Learn why it’s so important to manage your supply chain risk profile and how to achieve the necessary results.
Reliability in the supply chain — you want it for the sake of planning and managing an effective budget, one that will protect the bottom line. Your customers want it, too. They’ll trust your business more, and be comfortable working with you in the future, if you offer a solid logistics experience.
Having such solid supply chain performance is especially important in today’s era of e-commerce as a first option. It’s never been clearer which companies can effectively manage their supply chain operations and which can’t.

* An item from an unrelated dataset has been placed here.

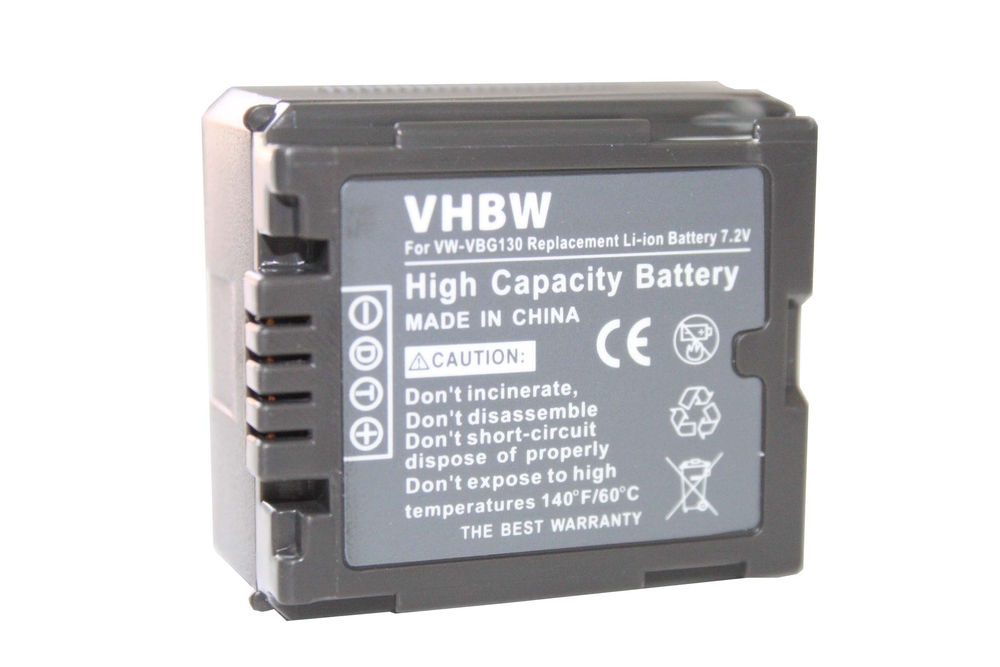 vhbw for VW-VBG130 1050mAh 7.77Wh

With all that said, providing effective logistics means managing multiple transportation options effectively. If problems arise anywhere in your freight and parcel shipping processes, the knock-on effects will be felt widely. Adding to the challenge, numerous potential risk factors could harm your operations at any given time.

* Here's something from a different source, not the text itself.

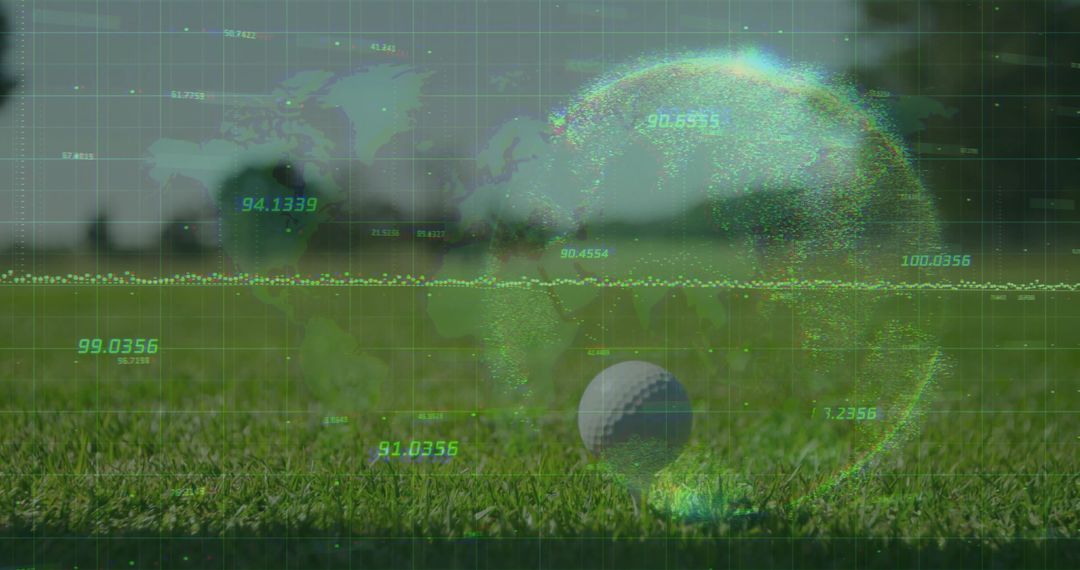 Golf Ball on Fairway with Futuristic World Data Visualization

A supply chain in the digital, global commerce era is a complex series of connections between companies. These links may prove fragile, and a lack of visibility into the links between your organization and its freight or parcel shipping carriers could make it hard to detect a problem before it causes serious logistical delays.

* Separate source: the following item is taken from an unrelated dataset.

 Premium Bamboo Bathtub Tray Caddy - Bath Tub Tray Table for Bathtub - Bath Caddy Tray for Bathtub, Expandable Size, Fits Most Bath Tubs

Anticipating and proactively managing supply chain risk factors are important tasks for any business today. This is all part of transportation spend management, and therefore a consideration for both your performance and budget. With the right mixture of risk mitigation strategy and supply chain management technology, you can excel at risk management and stay competitive.
What Are the Leading Supply Chain Risk Factors?
The first question to ask when counteracting supply chain risk is what kinds of issues might cause a breakdown. The bad news for your organization is that these problems can take many forms, some global in scale and others much closer to home.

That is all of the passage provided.